§ **REQUIRED WORK**
Write out every entry again exactly as it stands.

§ **GIVEN INFORMATION**
= Beginning of Section =

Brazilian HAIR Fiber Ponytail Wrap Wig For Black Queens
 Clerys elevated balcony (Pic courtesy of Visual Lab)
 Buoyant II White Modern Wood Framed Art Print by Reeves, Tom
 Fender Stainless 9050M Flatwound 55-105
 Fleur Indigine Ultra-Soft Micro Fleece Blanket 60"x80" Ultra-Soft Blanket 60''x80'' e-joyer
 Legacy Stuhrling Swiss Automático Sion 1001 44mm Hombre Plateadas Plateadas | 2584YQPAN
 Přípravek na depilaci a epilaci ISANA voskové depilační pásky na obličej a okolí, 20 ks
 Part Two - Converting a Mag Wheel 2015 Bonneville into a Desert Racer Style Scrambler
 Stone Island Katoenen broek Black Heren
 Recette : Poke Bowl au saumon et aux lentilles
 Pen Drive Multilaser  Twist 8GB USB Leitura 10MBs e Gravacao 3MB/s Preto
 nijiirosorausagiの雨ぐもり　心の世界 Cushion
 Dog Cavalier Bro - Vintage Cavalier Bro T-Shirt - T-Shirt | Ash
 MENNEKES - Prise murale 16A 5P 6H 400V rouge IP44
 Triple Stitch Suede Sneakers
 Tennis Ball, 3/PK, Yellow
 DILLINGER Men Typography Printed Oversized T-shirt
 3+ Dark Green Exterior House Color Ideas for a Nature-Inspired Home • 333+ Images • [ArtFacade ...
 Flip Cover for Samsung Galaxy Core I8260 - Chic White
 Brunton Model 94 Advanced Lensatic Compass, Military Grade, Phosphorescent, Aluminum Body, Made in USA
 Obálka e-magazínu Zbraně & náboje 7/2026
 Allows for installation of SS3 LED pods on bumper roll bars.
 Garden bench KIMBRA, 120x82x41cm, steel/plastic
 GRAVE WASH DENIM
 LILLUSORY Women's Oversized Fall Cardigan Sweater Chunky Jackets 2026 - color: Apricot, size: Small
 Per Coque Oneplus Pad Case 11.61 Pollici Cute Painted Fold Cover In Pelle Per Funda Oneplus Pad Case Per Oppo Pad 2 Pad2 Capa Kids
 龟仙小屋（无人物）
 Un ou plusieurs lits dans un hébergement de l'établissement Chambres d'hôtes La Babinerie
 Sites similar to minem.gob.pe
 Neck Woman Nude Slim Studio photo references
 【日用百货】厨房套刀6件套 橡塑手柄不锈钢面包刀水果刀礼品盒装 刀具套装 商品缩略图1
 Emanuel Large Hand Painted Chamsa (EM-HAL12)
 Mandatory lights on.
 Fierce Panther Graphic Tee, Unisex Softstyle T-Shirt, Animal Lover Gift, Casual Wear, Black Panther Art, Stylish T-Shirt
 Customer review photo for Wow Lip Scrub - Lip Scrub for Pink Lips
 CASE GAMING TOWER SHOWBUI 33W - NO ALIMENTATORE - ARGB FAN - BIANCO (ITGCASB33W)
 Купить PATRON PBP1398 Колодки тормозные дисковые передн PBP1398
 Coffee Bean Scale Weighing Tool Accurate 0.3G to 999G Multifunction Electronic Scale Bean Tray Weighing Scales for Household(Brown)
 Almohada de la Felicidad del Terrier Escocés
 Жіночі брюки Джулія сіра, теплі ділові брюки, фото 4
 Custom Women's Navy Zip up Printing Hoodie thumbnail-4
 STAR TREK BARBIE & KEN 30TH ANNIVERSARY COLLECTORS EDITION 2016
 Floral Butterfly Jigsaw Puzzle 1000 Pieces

= End of Section =

§ **YOUR SOLUTION**
Brazilian HAIR Fiber Ponytail Wrap Wig For Black Queens
 Clerys elevated balcony (Pic courtesy of Visual Lab)
 Buoyant II White Modern Wood Framed Art Print by Reeves, Tom
 Fender Stainless 9050M Flatwound 55-105
 Fleur Indigine Ultra-Soft Micro Fleece Blanket 60"x80" Ultra-Soft Blanket 60''x80'' e-joyer
 Legacy Stuhrling Swiss Automático Sion 1001 44mm Hombre Plateadas Plateadas | 2584YQPAN
 Přípravek na depilaci a epilaci ISANA voskové depilační pásky na obličej a okolí, 20 ks
 Part Two - Converting a Mag Wheel 2015 Bonneville into a Desert Racer Style Scrambler
 Stone Island Katoenen broek Black Heren
 Recette : Poke Bowl au saumon et aux lentilles
 Pen Drive Multilaser  Twist 8GB USB Leitura 10MBs e Gravacao 3MB/s Preto
 nijiirosorausagiの雨ぐもり　心の世界 Cushion
 Dog Cavalier Bro - Vintage Cavalier Bro T-Shirt - T-Shirt | Ash
 MENNEKES - Prise murale 16A 5P 6H 400V rouge IP44
 Triple Stitch Suede Sneakers
 Tennis Ball, 3/PK, Yellow
 DILLINGER Men Typography Printed Oversized T-shirt
 3+ Dark Green Exterior House Color Ideas for a Nature-Inspired Home • 333+ Images • [ArtFacade ...
 Flip Cover for Samsung Galaxy Core I8260 - Chic White
 Brunton Model 94 Advanced Lensatic Compass, Military Grade, Phosphorescent, Aluminum Body, Made in USA
 Obálka e-magazínu Zbraně & náboje 7/2026
 Allows for installation of SS3 LED pods on bumper roll bars.
 Garden bench KIMBRA, 120x82x41cm, steel/plastic
 GRAVE WASH DENIM
 LILLUSORY Women's Oversized Fall Cardigan Sweater Chunky Jackets 2026 - color: Apricot, size: Small
 Per Coque Oneplus Pad Case 11.61 Pollici Cute Painted Fold Cover In Pelle Per Funda Oneplus Pad Case Per Oppo Pad 2 Pad2 Capa Kids
 龟仙小屋（无人物）
 Un ou plusieurs lits dans un hébergement de l'établissement Chambres d'hôtes La Babinerie
 Sites similar to minem.gob.pe
 Neck Woman Nude Slim Studio photo references
 【日用百货】厨房套刀6件套 橡塑手柄不锈钢面包刀水果刀礼品盒装 刀具套装 商品缩略图1
 Emanuel Large Hand Painted Chamsa (EM-HAL12)
 Mandatory lights on.
 Fierce Panther Graphic Tee, Unisex Softstyle T-Shirt, Animal Lover Gift, Casual Wear, Black Panther Art, Stylish T-Shirt
 Customer review photo for Wow Lip Scrub - Lip Scrub for Pink Lips
 CASE GAMING TOWER SHOWBUI 33W - NO ALIMENTATORE - ARGB FAN - BIANCO (ITGCASB33W)
 Купить PATRON PBP1398 Колодки тормозные дисковые передн PBP1398
 Coffee Bean Scale Weighing Tool Accurate 0.3G to 999G Multifunction Electronic Scale Bean Tray Weighing Scales for Household(Brown)
 Almohada de la Felicidad del Terrier Escocés
 Жіночі брюки Джулія сіра, теплі ділові брюки, фото 4
 Custom Women's Navy Zip up Printing Hoodie thumbnail-4
 STAR TREK BARBIE & KEN 30TH ANNIVERSARY COLLECTORS EDITION 2016
 Floral Butterfly Jigsaw Puzzle 1000 Pieces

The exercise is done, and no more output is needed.